_DATASET EXTRACT_.

↓↓↓

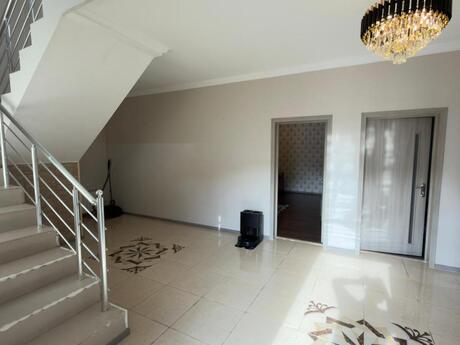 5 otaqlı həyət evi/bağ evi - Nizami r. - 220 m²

↑↑↑
↓↓↓

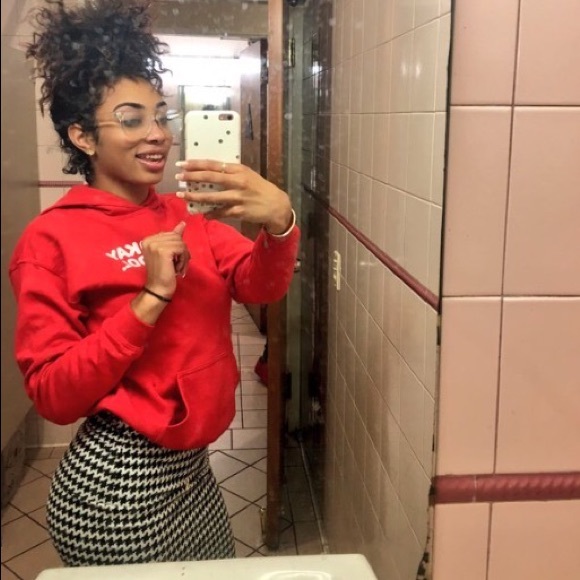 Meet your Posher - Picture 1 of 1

↑↑↑
↓↓↓

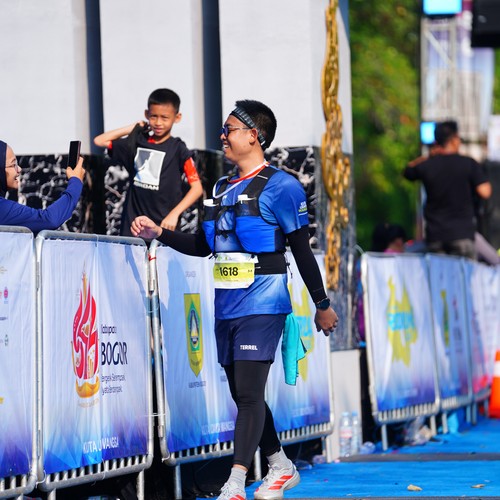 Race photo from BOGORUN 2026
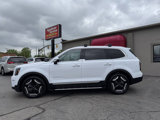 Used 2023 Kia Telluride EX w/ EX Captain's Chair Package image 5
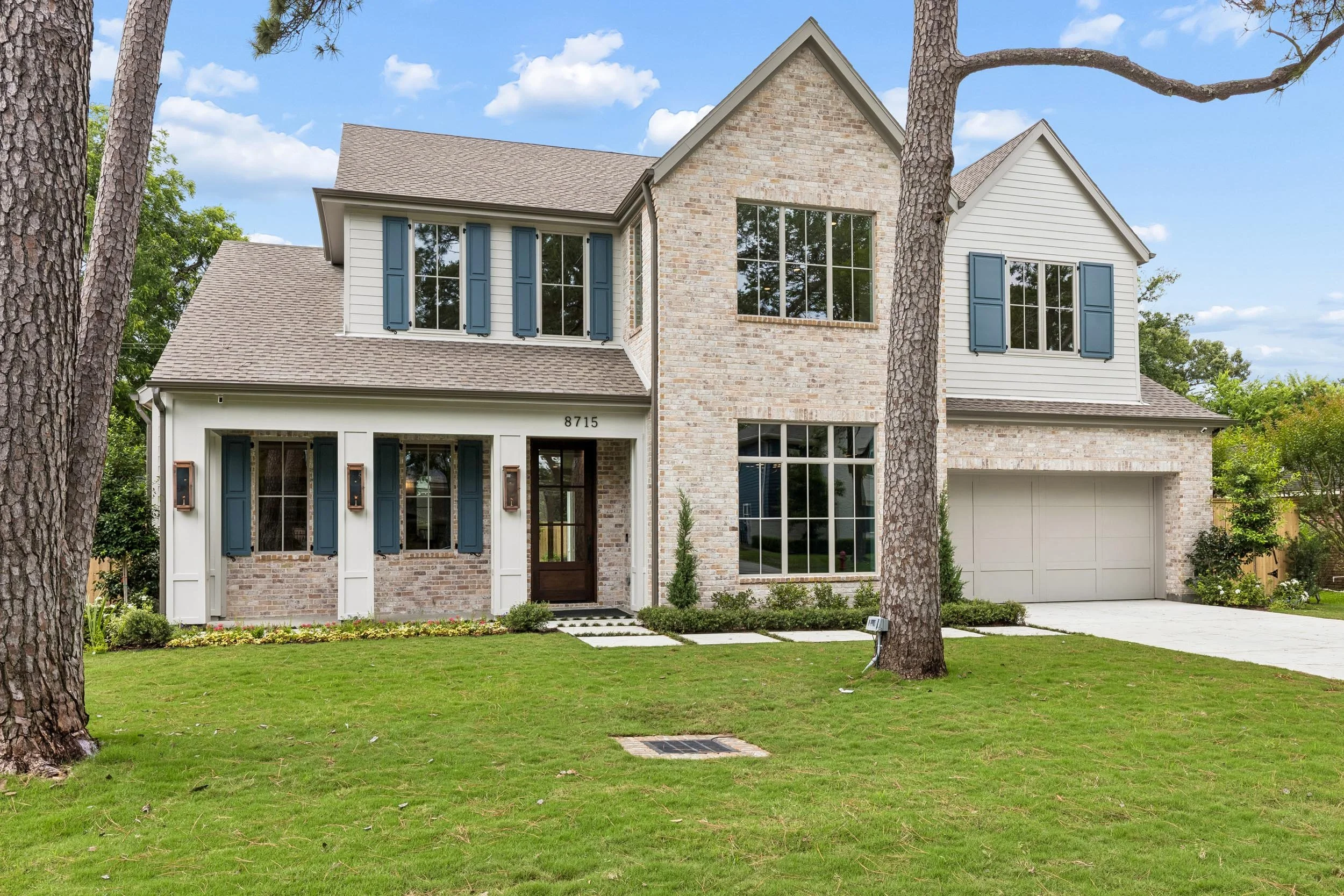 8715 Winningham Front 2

↑↑↑

_AIM OF THE EXERCISE_. With the pictures omitted, copy exactly the lines of the listing above starting at the line containing "Used 2023 Kia" and ending at the line containing "8715 Winningham Front 2", both included.

_SOLUTION FOR THIS EXERCISE_.
 Used 2023 Kia Telluride EX w/ EX Captain's Chair Package image 5
 8715 Winningham Front 2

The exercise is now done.